🤖 AI Summary
In fluid-system drag-reduction control, full-state measurement is often infeasible due to practical sensor limitations.
Method: This paper proposes Domain-Specific Feature Transfer (DSFT), a deep learning framework that reconstructs the complete flow state and adapts control policies using only sparse, local sensor time-series data. DSFT jointly learns the nonlinear mapping from partial observations to the full wake state, automatically determines the optimal temporal observation window, and disentangles the intrinsic structure of the control policy. Integrating reinforcement learning with domain adaptation, it trains policies on high-fidelity simulation data with full-state access and bridges the sim-to-real gap via DSFT under realistic sensing constraints.

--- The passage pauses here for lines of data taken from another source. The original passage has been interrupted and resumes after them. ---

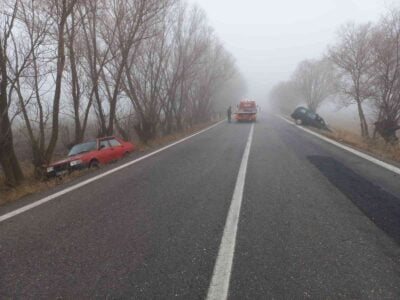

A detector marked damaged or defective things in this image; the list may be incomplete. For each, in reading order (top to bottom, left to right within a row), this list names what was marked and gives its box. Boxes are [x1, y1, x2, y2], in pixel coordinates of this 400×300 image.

crashed dark car [290, 106, 330, 131]
crashed red car [45, 137, 135, 177]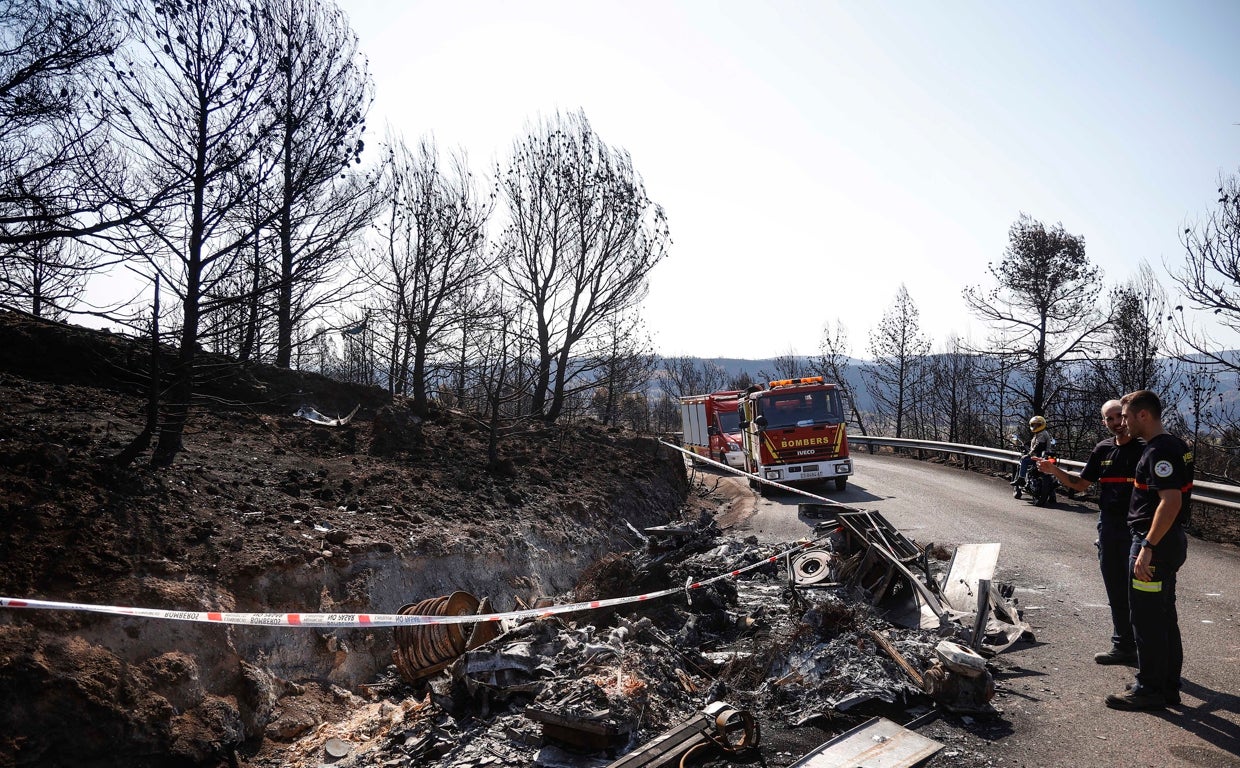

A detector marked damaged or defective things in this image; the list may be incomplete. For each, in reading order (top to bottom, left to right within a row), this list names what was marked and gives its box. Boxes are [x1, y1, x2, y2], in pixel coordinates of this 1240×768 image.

burned vehicle wreckage [237, 504, 1032, 768]
charred debris [264, 510, 1040, 768]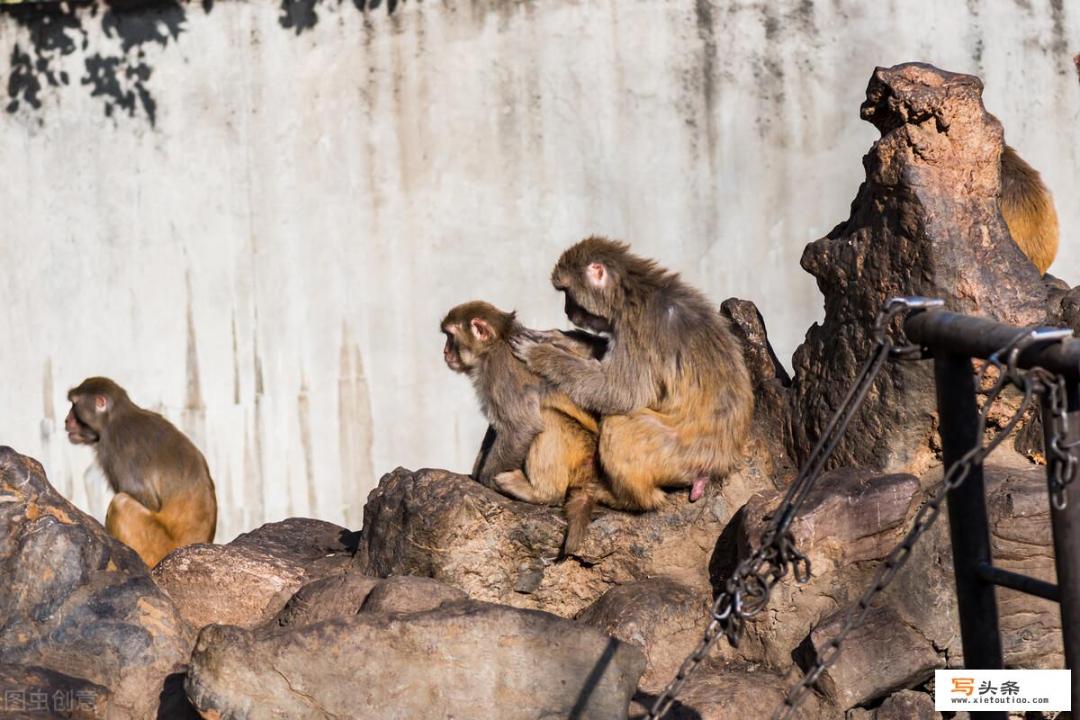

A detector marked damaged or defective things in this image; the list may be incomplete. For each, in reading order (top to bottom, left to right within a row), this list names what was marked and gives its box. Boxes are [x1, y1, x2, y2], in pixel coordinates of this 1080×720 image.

Contribution/Results: Evaluated on a simplified road-vehicle aerodynamic drag-reduction task, DSFT achieves near-full-state-feedback control performance using only sparse surface-mounted sensors—demonstrating substantial improvements in policy robustness, practicality, and deployability under low-sensing conditions.
📝 Abstract
Feedback control of fluid-based systems poses significant challenges due to their high-dimensional, nonlinear, and multiscale dynamics, which demand real-time, three-dimensional, multi-component measurements for sensing. While such measurements are feasible in digital simulations, they are often only partially accessible in the real world. In this paper, we propose a method to adapt feedback control policies obtained from full-state measurements to setups with only partial measurements. Our approach is demonstrated in a simulated environment by minimising the aerodynamic drag of a simplified road vehicle. Reinforcement learning algorithms can optimally solve this control task when trained on full-state measurements by placing sensors in the wake. However, in real-world applications, sensors are limited and typically only on the vehicle, providing only partial measurements. To address this, we propose to train a Domain Specific Feature Transfer (DSFT) map reconstructing the full measurements from the history of the partial measurements. By applying this map, we derive optimal policies based solely on partial data. Additionally, our method enables determination of the optimal history length and offers insights into the architecture of optimal control policies, facilitating their implementation in real-world environments with limited sensor information.